Permasalahan perlindungan anak yang kompleks saat ini perlu diimbangi dengan peningkatan kualitas sumber daya manusia (SDM) yang memberikan pelayanan langsung kepada anak. Supervisi merupakan salah satu solusi dalam upaya peningkatan kualitas SDM yang bekerja secara langsung dengan anak.

Kompleksitas permasalahan perlindungan anak di Indonesia saat ini perlu diimbangi dengan peningkatan kualitas sumber daya manusia (SDM) yang memberikan pelayanan langsung kepada anak. Supervisi merupakan salah satu solusi dalam upaya peningkatan kualitas SDM yang bekerja secara langsung dengan anak. Melalui supervisi, Supervisor sebagai pihak yang mensupervisi maupun Supervisee sebagai pihak yang disupervisi akan memperoleh pembelajaran selama proses supervisi itu berlangsung. Hal ini dikarenakan supervisi merupakan suatu interaksi terencana antara Supervisor dan Supervisee dalam satu lingkungan yang mendukung sehingga tercipta suatu proses reflektif dan analisa kritis terkait layanan yang diberikan.

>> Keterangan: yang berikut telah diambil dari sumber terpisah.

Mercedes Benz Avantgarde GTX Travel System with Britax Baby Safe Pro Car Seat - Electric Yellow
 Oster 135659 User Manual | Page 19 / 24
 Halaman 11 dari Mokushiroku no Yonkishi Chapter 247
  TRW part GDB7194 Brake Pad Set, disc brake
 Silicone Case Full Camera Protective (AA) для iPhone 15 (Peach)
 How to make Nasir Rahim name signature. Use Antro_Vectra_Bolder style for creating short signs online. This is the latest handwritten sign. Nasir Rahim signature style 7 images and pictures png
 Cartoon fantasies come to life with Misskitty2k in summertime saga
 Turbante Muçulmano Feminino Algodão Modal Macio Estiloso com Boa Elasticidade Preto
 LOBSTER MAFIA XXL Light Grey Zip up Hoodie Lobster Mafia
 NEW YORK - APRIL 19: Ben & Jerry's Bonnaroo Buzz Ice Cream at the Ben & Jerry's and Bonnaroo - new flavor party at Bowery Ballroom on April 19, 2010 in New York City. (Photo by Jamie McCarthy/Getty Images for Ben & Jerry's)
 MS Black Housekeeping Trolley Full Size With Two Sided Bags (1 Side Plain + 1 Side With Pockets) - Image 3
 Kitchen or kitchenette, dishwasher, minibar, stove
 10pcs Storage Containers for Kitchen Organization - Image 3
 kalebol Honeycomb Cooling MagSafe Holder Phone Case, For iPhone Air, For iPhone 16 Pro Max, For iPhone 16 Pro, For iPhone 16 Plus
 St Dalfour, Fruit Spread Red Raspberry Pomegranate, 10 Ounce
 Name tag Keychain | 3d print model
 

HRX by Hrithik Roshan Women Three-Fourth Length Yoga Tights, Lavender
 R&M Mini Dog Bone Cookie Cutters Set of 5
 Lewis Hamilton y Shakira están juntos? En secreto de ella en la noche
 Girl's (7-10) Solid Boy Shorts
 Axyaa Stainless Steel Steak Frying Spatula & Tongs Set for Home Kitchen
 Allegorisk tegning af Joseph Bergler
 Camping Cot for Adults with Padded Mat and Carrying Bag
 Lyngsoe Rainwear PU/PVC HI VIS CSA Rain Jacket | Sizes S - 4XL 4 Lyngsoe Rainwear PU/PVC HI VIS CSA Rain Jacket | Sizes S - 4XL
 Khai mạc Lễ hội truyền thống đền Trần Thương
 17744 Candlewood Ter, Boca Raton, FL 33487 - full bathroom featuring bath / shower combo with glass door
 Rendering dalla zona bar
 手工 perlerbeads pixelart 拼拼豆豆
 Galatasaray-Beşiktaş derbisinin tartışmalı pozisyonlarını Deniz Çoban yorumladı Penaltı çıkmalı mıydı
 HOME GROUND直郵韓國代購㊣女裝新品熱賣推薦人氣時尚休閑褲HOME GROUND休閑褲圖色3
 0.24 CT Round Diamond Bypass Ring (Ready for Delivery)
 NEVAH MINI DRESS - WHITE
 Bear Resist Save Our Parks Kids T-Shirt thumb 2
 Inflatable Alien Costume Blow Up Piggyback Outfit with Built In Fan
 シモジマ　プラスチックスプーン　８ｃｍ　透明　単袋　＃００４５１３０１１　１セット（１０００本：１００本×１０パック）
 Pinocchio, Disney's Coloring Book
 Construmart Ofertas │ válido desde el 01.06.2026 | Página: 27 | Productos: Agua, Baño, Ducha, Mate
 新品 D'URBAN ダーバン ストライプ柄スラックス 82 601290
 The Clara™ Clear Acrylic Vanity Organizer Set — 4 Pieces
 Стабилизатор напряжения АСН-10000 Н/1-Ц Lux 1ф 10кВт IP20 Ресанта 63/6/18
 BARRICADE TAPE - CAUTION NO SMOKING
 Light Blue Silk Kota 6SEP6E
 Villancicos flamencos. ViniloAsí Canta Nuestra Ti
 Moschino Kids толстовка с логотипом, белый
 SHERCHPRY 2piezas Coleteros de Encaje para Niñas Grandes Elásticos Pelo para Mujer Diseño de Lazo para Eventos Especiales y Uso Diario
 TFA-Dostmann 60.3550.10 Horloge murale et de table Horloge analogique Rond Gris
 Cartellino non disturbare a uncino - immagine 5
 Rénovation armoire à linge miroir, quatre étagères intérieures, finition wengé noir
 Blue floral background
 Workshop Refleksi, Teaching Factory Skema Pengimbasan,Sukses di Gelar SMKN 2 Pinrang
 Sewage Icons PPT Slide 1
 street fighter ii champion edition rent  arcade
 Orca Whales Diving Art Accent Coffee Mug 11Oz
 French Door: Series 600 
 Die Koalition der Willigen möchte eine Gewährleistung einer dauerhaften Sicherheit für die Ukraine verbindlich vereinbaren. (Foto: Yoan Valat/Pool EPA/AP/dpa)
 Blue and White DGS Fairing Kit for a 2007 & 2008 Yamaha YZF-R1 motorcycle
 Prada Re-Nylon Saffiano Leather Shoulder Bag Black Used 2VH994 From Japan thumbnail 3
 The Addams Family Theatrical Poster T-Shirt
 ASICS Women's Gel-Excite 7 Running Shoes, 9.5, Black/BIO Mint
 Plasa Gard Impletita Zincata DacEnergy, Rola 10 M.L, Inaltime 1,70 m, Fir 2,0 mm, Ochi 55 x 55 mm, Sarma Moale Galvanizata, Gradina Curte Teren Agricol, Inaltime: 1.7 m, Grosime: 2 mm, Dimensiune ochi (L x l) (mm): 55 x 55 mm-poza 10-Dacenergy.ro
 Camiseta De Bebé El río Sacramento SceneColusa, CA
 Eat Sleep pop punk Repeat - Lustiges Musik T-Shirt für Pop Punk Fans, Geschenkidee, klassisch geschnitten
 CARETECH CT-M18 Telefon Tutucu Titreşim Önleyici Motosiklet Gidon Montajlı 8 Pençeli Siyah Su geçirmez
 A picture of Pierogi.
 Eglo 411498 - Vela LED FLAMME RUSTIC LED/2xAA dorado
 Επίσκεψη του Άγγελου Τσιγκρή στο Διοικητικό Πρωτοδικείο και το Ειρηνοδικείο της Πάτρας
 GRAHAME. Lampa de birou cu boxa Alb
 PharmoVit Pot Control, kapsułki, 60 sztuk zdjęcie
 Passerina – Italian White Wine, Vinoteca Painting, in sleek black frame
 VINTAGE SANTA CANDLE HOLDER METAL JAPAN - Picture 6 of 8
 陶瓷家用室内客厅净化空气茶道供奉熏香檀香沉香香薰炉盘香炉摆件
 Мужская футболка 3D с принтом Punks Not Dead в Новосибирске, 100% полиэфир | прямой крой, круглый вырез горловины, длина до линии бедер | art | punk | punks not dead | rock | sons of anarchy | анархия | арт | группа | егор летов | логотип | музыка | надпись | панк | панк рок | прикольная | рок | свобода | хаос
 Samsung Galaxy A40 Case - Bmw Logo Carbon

Fenomena di Indonesia beberapa tahun terakhir ini menunjukkan bagaimana anak-anak di Indonesia belum dapat terlindungi secara maksimal. Data Nasional Pengalaman Hidup Anak dan Remaja (SNPHAR) tahun 2018 menunjukan bahwa, sebanyak 1 dan 2 anak laki-laki berusia 13-17 tahun pernah mengalami kekerasan emosional; 1 dari 3 anak pernah mengalami kekerasan fisik; dan 1 dari 17 anak mengalami kekerasan seksual. Sedangkan untuk anak perempuan yang juga berusia 13-18 tahun, 3 dari 5 anak pernah mengalami kekerasan emosional, 1 dari 5 anak pernah mengalami kekerasan fisik, 1 dari 11 anak perempuan mengalami kekerasan seksual. Kondisi ini diperparah dengan sebanyak 76-88% anak-anak dan remaja belum mengetahui adanya layanan untuk mengantisipasi kekerasan.
Pemerintah telah membuat berbagai program dalam merespon permasalahan terkait perlindungan anak di Indonesia. Kementerian Sosial (Kemensos) dan Kementerian Pemberdayaan Perempuan dan Perlindungan Anak (KPPPA) merupakan leading sektor penanganan masalah pengasuhan dan perlindungan anak baik pencegahan maupun penanganan kasus. Kemensos memiliki program prioritas Program Keluarga Harapan (PKH) melalui Direktor Jenderal Perlindungan dan Jaminan Sosial (Dirjen Linjamsos) dan Program Rehabilitasi Sosial Anak (PROGRESA) melalui Dirjen Rehabilitasi Sosial, adapun KPPPA dibawah Deputi Tumbuh Kembang memiliki Program Pusat Pembelajaran Keluarga (PUSPAGA) dan melalui Deputi Perlindungan Anak memiliki program Pusat Pelayanan Terpadu Pemberdayaan Perempuan dan Perlindungan Anak (P2TP2A) dan Unit Pelaksana Teknis Daerah (UPTD) Perlindungan Perempuan dan Anak (PPA). Program tersebut masih memerlukan upaya untuk peningkatan kualitas pelayanan maupun peningkatan kualitas SDM - khususnya untuk Pendamping dan Supervisor PKH; Sakti Peksos PROGRESA; Tenaga Kesejahteraan Sosial; Pendamping P2TP2A dan UPTD PPA yang merupakan ujung tombak bagi upaya penanganan kasus.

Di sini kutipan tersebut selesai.